BEGIN Data provided

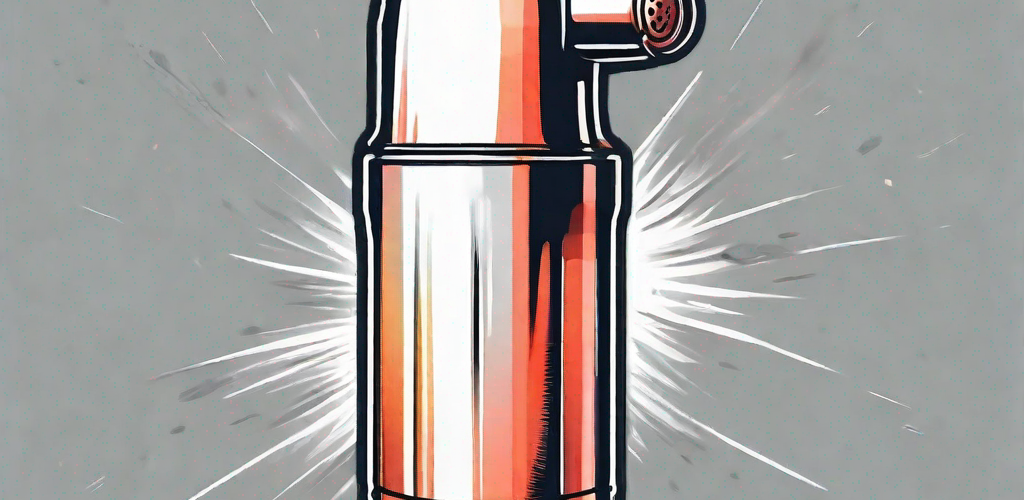A pepper spray canister with a radiant shield emanating from it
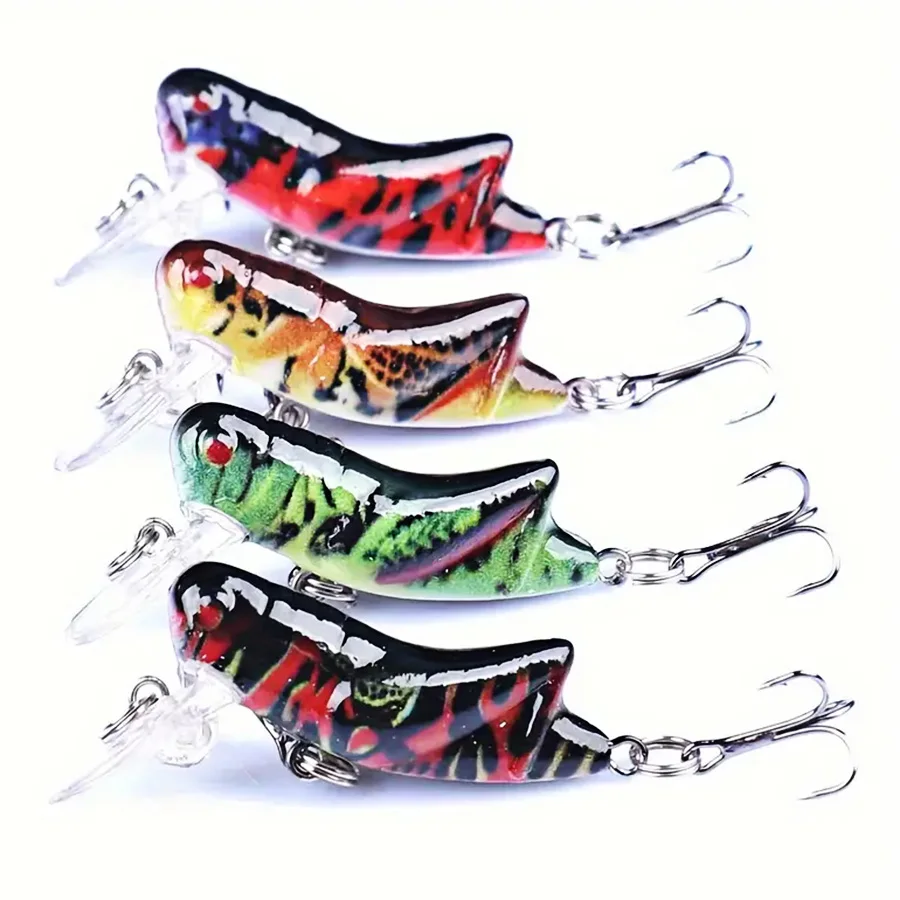 Señuelos de pesca de cigarra, cebos duros para insectos, Wobblers artificiales para curricán, superficie de perca, Swimbait, Topwater, saltamontes, 8 Uds. - imagen 5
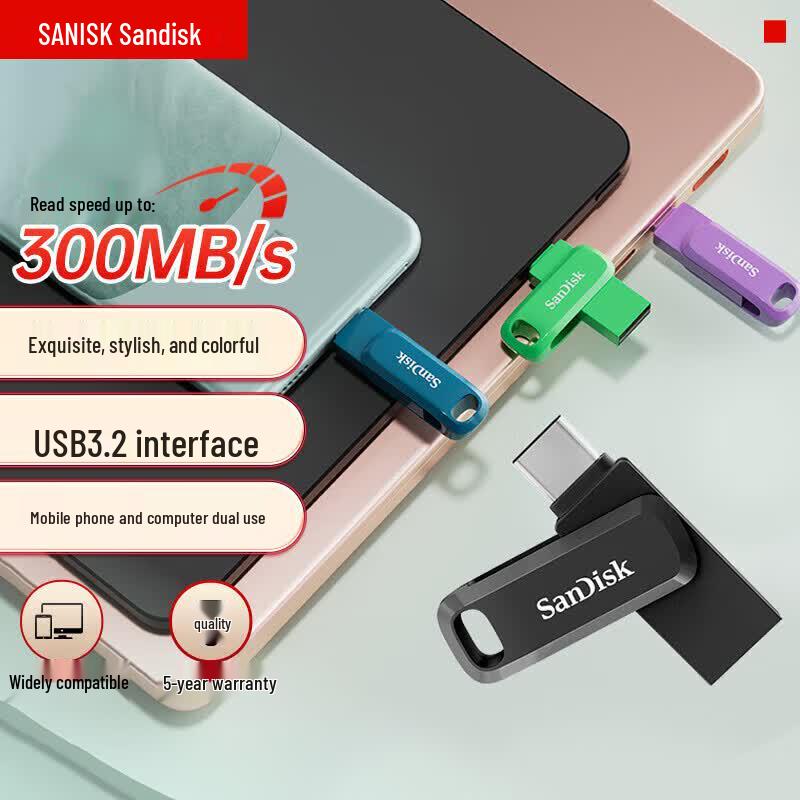 SanDisk 512 ГБ Type-C USB 3.2 Мобильный USB-накопитель DDC3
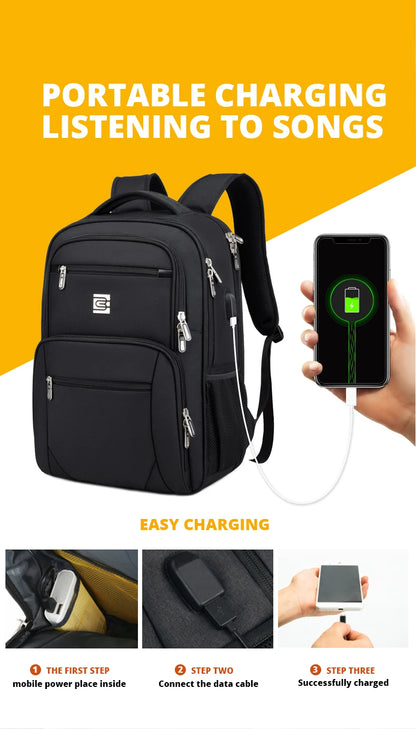 New Men's Backpack Large Capacity Business Travel Bag 15.6-inch Laptop Bag Waterproof Student Backpack Women's Stitch Backpack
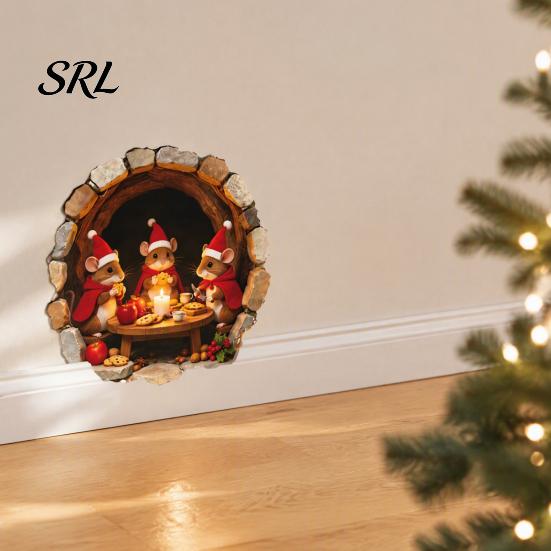 Seasonal Nursery Wall Decorations Mouse Hole Sticker, Christmas Decal, Self Adhesive Holiday Home Atmosphere Cute Mice Sticker for Living Room Bedroom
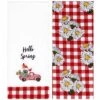 The Lakeside Collection Set Of 2 Spring Truck Embroidered Kitchen Towels - Hello Spring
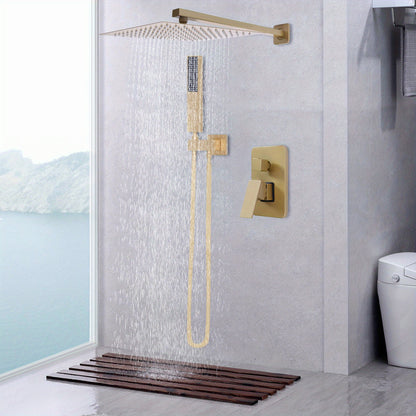 Inbouw Doucheset – Regendouche – Handdouche – Thermostaatkraan – Douchestel – 30cm Goudkleurig – Geborsteld Messing – Duale Stralen – Drukbalancerende Cartridge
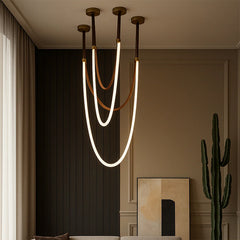 Modern Leather LED Loop Pendant Light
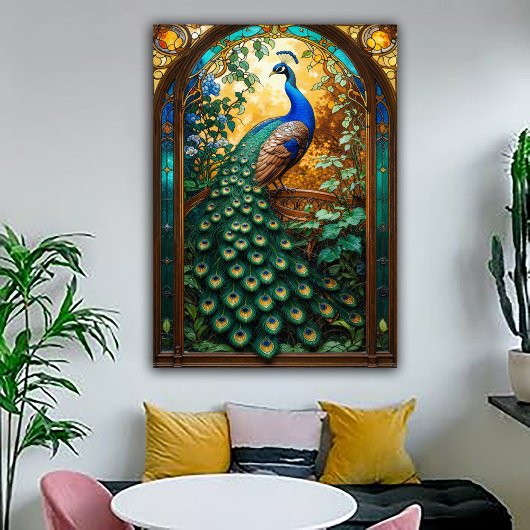 Vintage Nouveau Revival Peacock Window ポスター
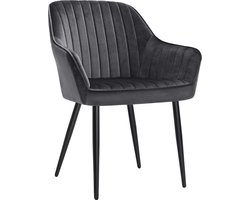 Segenn's Eetkamerstoelen - Eetkamerstoelen set van 6 - woonkamerstoel - blauw - Metaalpoot - Fluweel - Velvet eetstoel - grijs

END Data provided

• **What needs to be done**:
The answer must consist only of the lines from the beginning of the entries above through the line that holds "The Lakeside Collection", reproduced exactly and without pictures.

• **Task result**:
A pepper spray canister with a radiant shield emanating from it
 Señuelos de pesca de cigarra, cebos duros para insectos, Wobblers artificiales para curricán, superficie de perca, Swimbait, Topwater, saltamontes, 8 Uds. - imagen 5
 SanDisk 512 ГБ Type-C USB 3.2 Мобильный USB-накопитель DDC3
 New Men's Backpack Large Capacity Business Travel Bag 15.6-inch Laptop Bag Waterproof Student Backpack Women's Stitch Backpack
 Seasonal Nursery Wall Decorations Mouse Hole Sticker, Christmas Decal, Self Adhesive Holiday Home Atmosphere Cute Mice Sticker for Living Room Bedroom
 The Lakeside Collection Set Of 2 Spring Truck Embroidered Kitchen Towels - Hello Spring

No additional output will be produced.